Unlike most Christian movies, the message here is subtle.  Believers will get it, and connect to the biblical symbols, but they’re not heavy-handed.  No one reads any four spiritual laws or explains in painstaking detail how to get saved.  Basically, House is a parable, and just as it was in Jesus’ day, if you see the meaning, you see it.  Even if you don’t, you can still enjoy the story and ponder the meaning.  Finally!  Someone who gets the importance of this story-telling technique.

House also looks and feels like a movie you would want to see in the cineplex—another rarity among Christian films.  You can, too.  It opens today in 450 theaters nationwide.  If you like horror movies and psychological thrillers, you’ll want to be there. 

And now, I need to go and hide under my blankets.

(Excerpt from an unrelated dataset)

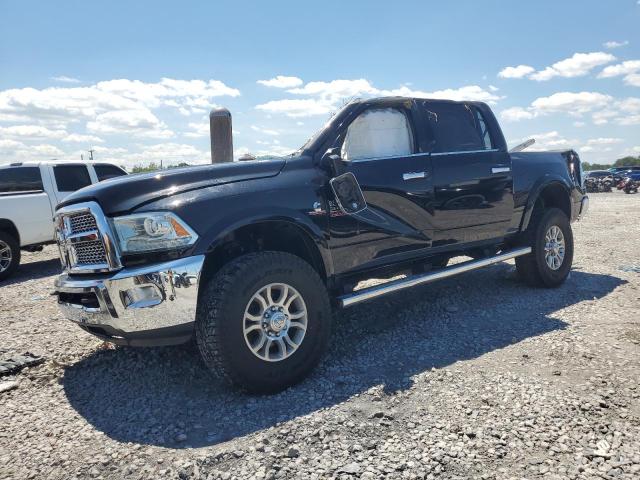 ram 2500 laram 2014 3c6ur5fl2eg113559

  • Drugs/Alcohol:  Several scenes with drinking.
  • Language/Profanity:  A few strong obscenities.
  • Sex/Nudity:  No nudity; no sex.  In one extended scene, various illusions to pedophilia.
  • Violence:  Strong psychological violence, including characters who hunted down, stalked, shot at and attacked with various weapons, including an ax.  Some blood, but very little gore.  Most violence is implied and/or offscreen. There are several murders, but the killing is usually out of frame.  In one scene, a child kills an adult with a shotgun.